A linha do tempo do golpe seguiu uma estratégia de manipulação psicológica que durou 14 meses:

  • O primeiro contato: Amanda se apresentou à família utilizando o nome falso de “Gabriele”. Ela afirmou inicialmente que tinha 18 anos e que estava na cidade em busca de uma oportunidade de emprego.
  • A sensibilização: Com o passar das semanas, a mulher começou a relatar graves problemas de saúde e extrema dificuldade financeira, sensibilizando o casal.
  • A mudança na história: Após conquistar a total confiança dos moradores, Amanda alterou radicalmente o seu relato. Ela afirmou que mentira sobre a maioridade e que, na verdade, tinha apenas 11 anos, alegando ainda ter sido vítima de abusos severos no passado.

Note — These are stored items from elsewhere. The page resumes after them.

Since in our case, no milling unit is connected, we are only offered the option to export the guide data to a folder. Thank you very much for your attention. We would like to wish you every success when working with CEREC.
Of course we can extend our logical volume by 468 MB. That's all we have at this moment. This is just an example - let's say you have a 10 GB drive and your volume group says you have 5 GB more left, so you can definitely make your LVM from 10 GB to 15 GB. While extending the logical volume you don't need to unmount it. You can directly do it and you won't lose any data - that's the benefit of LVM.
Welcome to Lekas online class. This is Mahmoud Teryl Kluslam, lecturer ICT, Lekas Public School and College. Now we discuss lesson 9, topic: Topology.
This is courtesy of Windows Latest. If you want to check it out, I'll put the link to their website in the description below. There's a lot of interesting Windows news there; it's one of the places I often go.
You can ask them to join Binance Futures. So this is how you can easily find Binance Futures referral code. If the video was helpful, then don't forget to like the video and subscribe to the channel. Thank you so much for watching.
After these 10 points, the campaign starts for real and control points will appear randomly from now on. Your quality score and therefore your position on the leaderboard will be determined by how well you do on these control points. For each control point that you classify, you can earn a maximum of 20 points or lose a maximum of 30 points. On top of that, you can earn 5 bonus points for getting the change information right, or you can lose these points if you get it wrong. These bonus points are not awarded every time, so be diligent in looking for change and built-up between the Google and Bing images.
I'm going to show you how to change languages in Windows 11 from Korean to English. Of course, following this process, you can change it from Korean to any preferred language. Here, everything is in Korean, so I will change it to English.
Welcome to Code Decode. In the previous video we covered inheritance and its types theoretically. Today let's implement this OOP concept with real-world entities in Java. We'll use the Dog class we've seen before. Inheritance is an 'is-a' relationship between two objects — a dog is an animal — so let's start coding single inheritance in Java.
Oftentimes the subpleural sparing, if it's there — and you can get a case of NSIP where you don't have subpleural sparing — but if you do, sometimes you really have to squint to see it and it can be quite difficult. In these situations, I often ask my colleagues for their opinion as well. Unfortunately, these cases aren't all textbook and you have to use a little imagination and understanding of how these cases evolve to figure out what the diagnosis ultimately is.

Comovidos com o relato de vulnerabilidade infantil, o casal convidou a mulher para morar em sua residência de forma definitiva. No período em que esteve abrigada no local, Amanda chegou a ganhar uma festa de aniversário de 12 anos organizada pela família enganada.

Descoberta do crime e histórico nacional

A farsa que se estendia por mais de um ano começou a desmoronar na última semana de maio. Uma tia distante das vítimas desconfiou de algumas atitudes da suposta criança e realizou buscas aprofundadas na internet. Durante a pesquisa, a familiar localizou reportagens e fotos antigas de crimes com o mesmo modus operandi cometidos por Amanda em outros estados.

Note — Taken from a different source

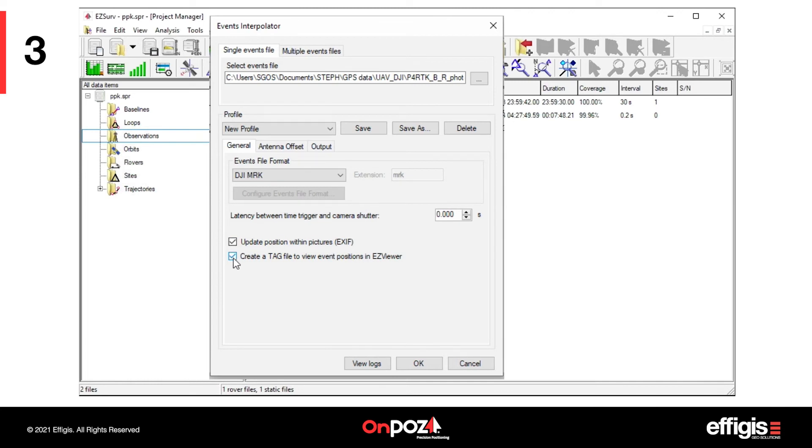If your image processing software directly reads the position in the picture's EXIF file, check Update Position within Pictures. You may also check Create a tag file to view events position in EasyViewer.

A Polícia Civil foi acionada e, no dia 2 de junho, efetuou a prisão em flagrante da investigada no interior da casa das vítimas, em Joinville.

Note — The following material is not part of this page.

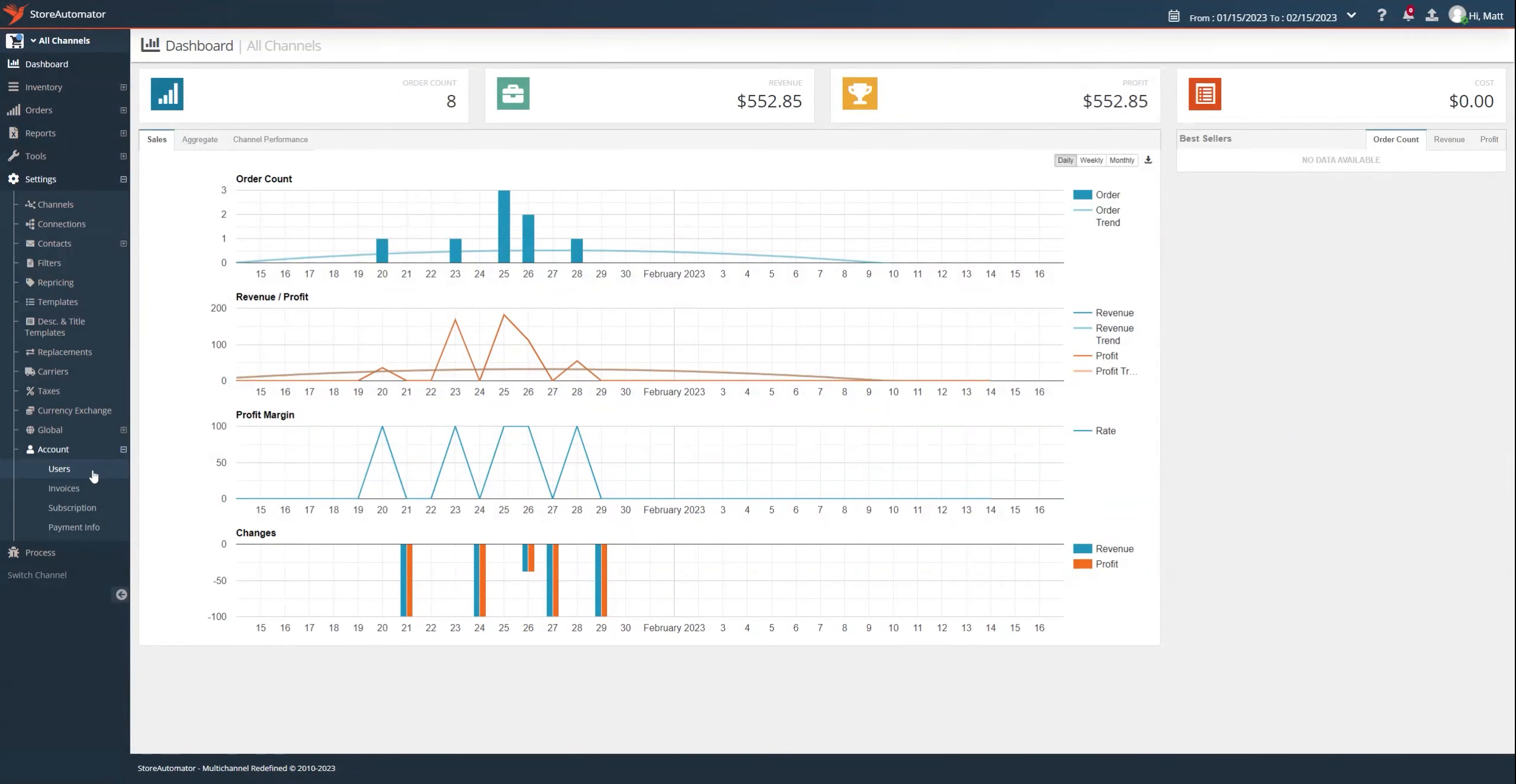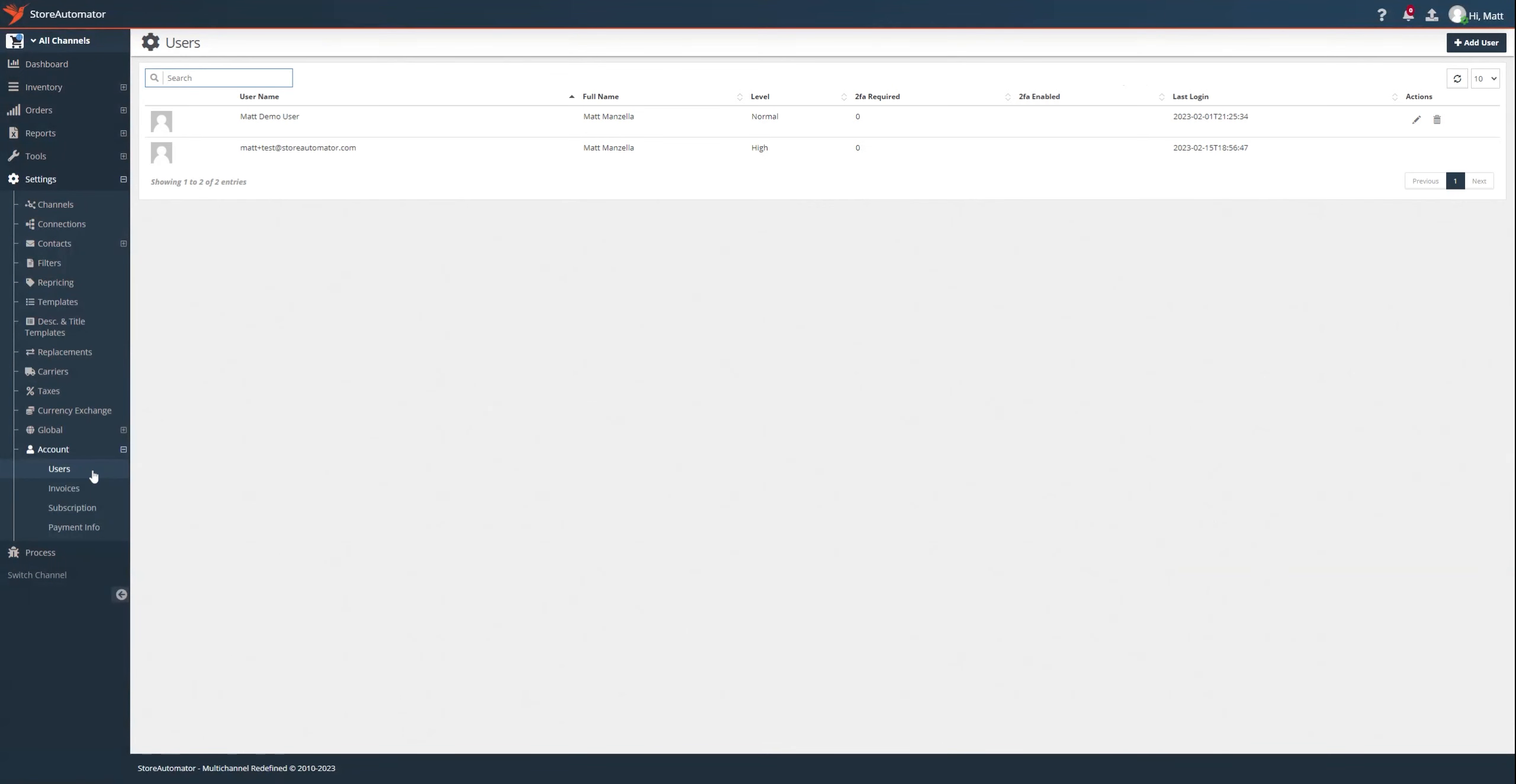That'll bring us to our current users page. In our current users page, you can see that I have two users, both myself, and I have an Add User button up at the top right, so we're going to use that to add another user today.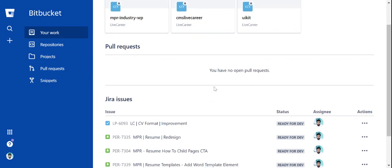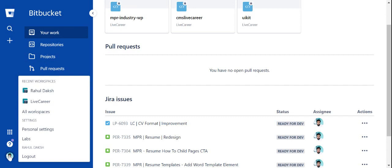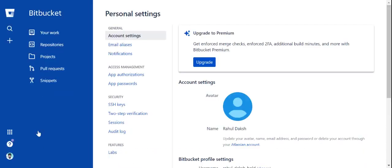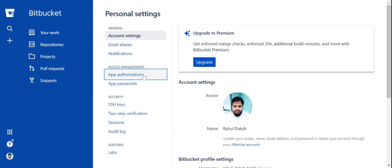Hey everyone, here we will see how to change the password for git push input. We need to go to personal settings, after that we need to go to app authorization.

Em depoimento oficial prestado às autoridades catarinenses, Amanda confessou que aplica esse mesmo tipo de golpe há pelo menos 15 anos. Sob identidades infantis variadas, ela já havia sido acolhida por famílias desconhecidas em Curitiba (PR), Nova Iguaçu (RJ), além de cidades de Minas Gerais, Goiás e do Ceará.

Com a denúncia aceita, a tramitação do processo aguarda a realização de um incidente de insanidade mental, solicitado pela defesa da ré e deferido pela Justiça. O exame pericial para atestar a capacidade cognitiva e a saúde mental de Amanda será realizado pela Polícia Científica de Santa Catarina no dia 26 de junho. O laudo vai determinar se ela é penalmente imputável pelos crimes cometidos.